Kraft jedoch sagte: "Perfekt war das Spiel nicht, denn ich habe nach vorne den ein oder anderen schlechten Ball gespielt. Von daher war es nur ein gutes Spiel." Wie er nach dieser Schlussphase nun schon wieder seelenruhig Interviews geben könne, wurde Kraft noch gefragt. Seine Antwort: "In der Kabine fahre ich die Spannung runter. Danach bin ich wieder normal." Schrecklich einfach.

Für die Kollegen ein Allerweltsereignis

Auch die Kollegen versuchten, Krafts Leistung auf ein Allerweltsereignis herunterzudampfen. Als könne es dem Torhüter schaden, wenn er zu viel ins Gerede kommt; wenn bald spekuliert wird, ob so ein aufstrebender Mann nicht auch in den Kreis der Nationalmannschaft gehört. "Er hat das heute sehr gut gemacht", sagte etwa Angreifer Thomas Müller: "Aber das erwarte ich auch von einem Torwart, der beim FC Bayern spielt."

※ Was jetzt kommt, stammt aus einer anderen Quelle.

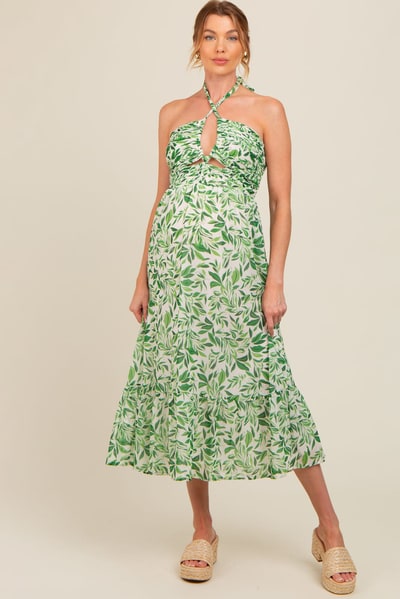 PinkBlush Green Leaf Print Halter Keyhole Maternity Midi Dress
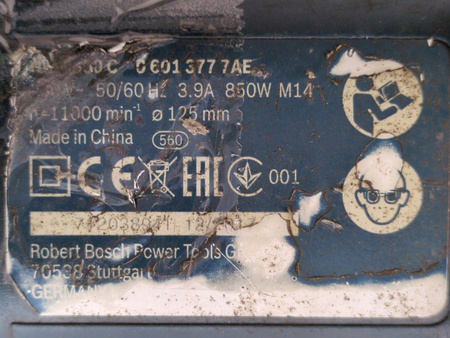 Szlifierka kątowa BOSCH GWS 850 C 850W 125mm 11000obr/min
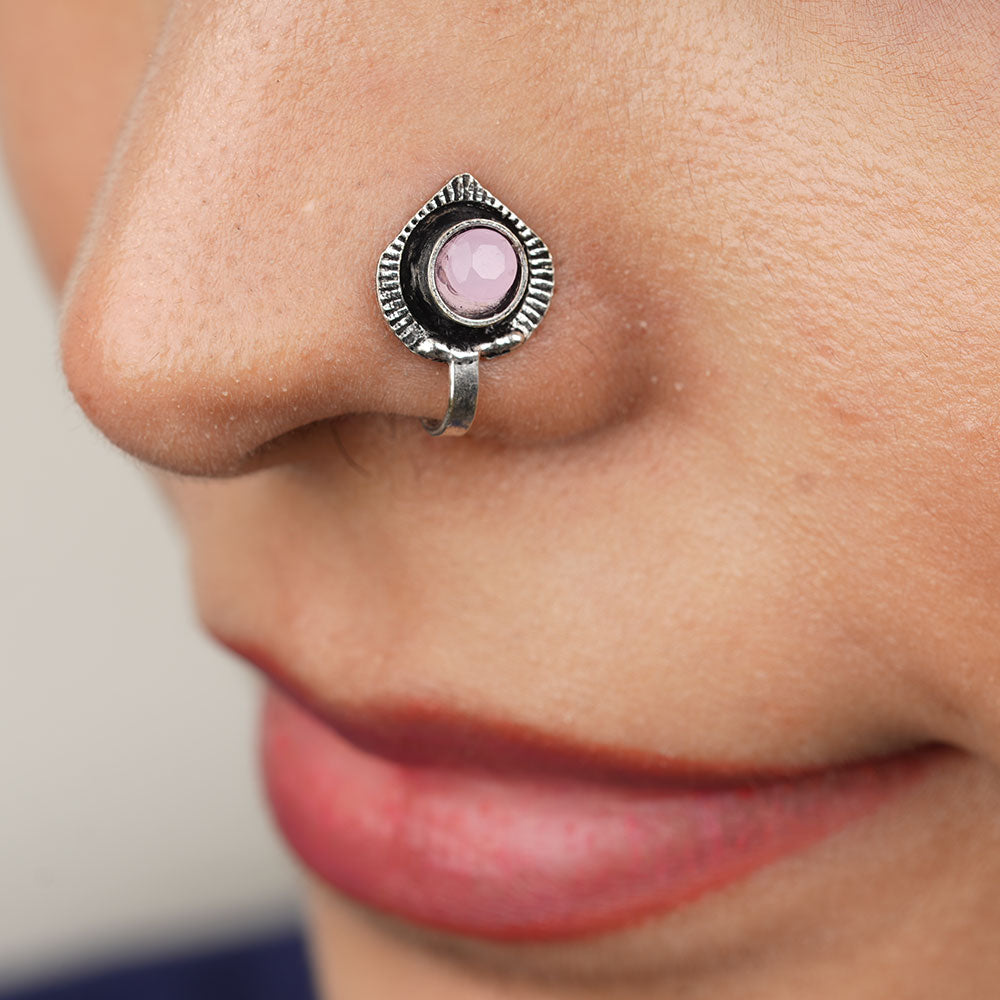 StylishKudi Women & Girls Oxidized Silver Tone Nose Pin And Nose Ring Combo Set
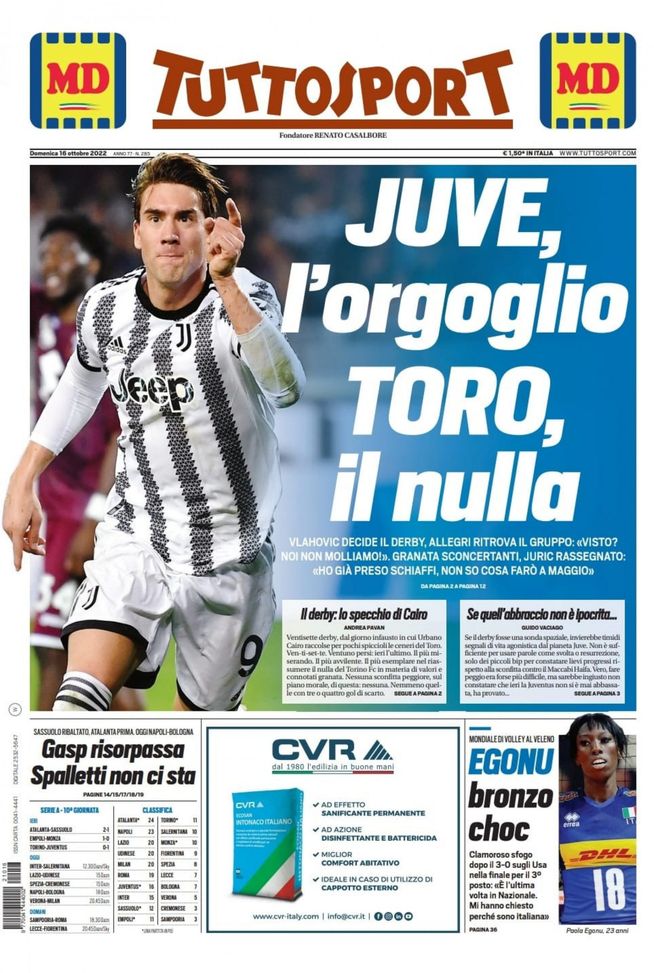 Tuttosport, la prima pagina di oggi, domenica 16 ottobre 2022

Auch Mario Gomez, der in der 89. Spielminute einen Patzer von Mailands Keeper Júlio César zum späten Siegtreffer genutzt hatte, spielte Krafts Leistung herunter. "Wir wissen alle, dass er ein sehr guter Torhüter ist", sagte Gomez nüchtern: "Er ist klar in der Birne und hat alle Fähigkeiten, die man für unser Spiel braucht." Der letzte Kritiker sei spätestens am Mittwochabend eines Besseren belehrt worden.

Als Kraft schon längst in den Mannschaftsbus geeilt war, setzte auch Gomez zum Schlusswort an. "Wir sollten ihn jetzt in Ruhe lassen, damit er seine Arbeit machen kann", sagte er - wohl wissend, wie schwierig das werden dürfte. Vielleicht bis Mitte März, bis nach dem Rückspiel gegen Inter Mailand, werden die Bayern die Lösung ihrer Torwartfrage glaubhaft hinauszögern können. Dann wird eine Entscheidung erwartet: Ob Thomas Kraft einen neuen Vertrag bekommt und die Nummer eins bleibt? Oder ob nicht doch Nationaltorhüter Manuel Neuer aus Schalke geholt wird?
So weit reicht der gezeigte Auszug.